Among the entries below, please show each line that carries the word "aerial".

---- Working data

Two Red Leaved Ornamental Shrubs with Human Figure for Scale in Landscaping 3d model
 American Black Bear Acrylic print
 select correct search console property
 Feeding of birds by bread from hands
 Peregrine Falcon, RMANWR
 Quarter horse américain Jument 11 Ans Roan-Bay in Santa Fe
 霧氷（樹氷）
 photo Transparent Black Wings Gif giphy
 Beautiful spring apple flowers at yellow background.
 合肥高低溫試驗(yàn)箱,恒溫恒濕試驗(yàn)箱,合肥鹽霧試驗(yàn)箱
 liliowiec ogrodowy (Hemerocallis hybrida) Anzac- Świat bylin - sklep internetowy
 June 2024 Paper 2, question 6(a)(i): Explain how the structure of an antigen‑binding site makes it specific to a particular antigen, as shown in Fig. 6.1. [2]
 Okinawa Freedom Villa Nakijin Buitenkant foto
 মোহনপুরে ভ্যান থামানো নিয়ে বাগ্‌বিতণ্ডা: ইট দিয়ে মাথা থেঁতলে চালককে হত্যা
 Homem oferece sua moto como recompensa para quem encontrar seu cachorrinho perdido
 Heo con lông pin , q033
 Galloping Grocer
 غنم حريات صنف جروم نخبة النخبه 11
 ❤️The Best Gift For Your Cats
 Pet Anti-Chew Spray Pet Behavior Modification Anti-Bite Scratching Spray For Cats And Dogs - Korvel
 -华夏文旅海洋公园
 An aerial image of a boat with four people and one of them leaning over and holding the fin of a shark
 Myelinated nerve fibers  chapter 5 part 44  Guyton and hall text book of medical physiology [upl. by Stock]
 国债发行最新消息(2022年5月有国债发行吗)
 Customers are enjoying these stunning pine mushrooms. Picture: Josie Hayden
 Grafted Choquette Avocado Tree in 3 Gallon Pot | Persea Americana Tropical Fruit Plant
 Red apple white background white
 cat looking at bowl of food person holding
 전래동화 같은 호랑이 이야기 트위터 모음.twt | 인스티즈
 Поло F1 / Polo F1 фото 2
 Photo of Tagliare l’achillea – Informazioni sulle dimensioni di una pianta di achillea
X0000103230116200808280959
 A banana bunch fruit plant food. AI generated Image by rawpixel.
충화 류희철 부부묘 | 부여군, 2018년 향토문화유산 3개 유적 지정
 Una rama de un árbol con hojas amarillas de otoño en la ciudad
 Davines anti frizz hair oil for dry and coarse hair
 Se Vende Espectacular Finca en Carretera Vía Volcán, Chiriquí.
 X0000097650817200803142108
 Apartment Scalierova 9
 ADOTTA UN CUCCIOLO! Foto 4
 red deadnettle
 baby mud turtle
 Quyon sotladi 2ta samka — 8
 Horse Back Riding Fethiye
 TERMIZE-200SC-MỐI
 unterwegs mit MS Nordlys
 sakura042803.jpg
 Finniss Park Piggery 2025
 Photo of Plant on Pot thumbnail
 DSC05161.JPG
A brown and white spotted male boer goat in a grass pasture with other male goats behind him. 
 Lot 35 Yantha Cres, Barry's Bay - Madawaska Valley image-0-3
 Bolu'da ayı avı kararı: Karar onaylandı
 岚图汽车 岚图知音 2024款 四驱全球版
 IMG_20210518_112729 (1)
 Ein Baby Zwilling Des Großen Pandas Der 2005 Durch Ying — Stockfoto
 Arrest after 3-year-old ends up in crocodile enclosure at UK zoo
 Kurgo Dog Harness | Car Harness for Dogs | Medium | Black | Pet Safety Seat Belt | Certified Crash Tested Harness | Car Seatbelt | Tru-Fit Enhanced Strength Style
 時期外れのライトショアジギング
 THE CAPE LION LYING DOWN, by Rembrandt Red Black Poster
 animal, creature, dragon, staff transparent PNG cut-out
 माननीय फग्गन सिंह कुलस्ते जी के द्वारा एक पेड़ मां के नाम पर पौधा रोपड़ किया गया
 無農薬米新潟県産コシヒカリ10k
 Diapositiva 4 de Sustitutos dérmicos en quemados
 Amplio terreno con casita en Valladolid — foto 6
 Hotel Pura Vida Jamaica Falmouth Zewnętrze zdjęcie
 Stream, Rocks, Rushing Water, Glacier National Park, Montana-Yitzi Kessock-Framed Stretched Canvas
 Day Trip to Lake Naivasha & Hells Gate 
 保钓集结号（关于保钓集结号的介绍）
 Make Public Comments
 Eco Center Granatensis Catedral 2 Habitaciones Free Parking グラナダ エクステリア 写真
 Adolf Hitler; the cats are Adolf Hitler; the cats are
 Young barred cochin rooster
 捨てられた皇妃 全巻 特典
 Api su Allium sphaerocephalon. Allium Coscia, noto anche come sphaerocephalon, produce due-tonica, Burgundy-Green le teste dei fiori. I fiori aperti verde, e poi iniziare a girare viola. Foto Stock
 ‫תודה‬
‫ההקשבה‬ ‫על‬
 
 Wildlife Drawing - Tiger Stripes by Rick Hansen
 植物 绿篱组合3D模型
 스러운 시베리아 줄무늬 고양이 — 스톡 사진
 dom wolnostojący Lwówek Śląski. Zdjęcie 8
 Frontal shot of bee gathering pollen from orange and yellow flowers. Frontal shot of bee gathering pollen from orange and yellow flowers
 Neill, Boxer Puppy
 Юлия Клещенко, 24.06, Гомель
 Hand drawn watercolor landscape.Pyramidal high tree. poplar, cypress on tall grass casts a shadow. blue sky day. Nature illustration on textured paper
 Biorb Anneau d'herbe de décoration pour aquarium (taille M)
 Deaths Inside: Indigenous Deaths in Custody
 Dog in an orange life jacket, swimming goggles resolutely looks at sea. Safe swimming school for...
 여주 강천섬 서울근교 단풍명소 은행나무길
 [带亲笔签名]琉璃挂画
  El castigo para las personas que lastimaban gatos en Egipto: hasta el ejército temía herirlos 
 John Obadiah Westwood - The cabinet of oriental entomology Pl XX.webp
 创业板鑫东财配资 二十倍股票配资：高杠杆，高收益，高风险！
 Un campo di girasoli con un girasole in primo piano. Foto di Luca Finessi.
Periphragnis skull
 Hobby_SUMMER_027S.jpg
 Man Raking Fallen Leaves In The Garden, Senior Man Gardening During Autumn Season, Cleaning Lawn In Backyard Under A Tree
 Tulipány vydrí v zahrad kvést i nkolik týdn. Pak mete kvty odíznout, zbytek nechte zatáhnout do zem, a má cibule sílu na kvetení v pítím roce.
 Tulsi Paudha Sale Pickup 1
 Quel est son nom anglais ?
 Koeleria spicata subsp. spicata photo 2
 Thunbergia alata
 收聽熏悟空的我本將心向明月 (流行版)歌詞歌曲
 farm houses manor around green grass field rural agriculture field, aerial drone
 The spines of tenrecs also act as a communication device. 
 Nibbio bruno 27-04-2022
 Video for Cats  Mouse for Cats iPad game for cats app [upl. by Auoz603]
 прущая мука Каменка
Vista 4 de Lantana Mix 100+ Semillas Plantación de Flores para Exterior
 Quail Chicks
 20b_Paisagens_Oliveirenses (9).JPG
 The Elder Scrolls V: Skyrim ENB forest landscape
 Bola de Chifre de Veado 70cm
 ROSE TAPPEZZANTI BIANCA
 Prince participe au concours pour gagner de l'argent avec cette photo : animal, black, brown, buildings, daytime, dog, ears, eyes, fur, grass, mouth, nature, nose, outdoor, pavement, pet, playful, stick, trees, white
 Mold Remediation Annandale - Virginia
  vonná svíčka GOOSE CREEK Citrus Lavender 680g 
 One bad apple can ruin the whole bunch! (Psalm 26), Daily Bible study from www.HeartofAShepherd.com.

--------

**Reply:**
 An aerial image of a boat with four people and one of them leaning over and holding the fin of a shark
 farm houses manor around green grass field rural agriculture field, aerial drone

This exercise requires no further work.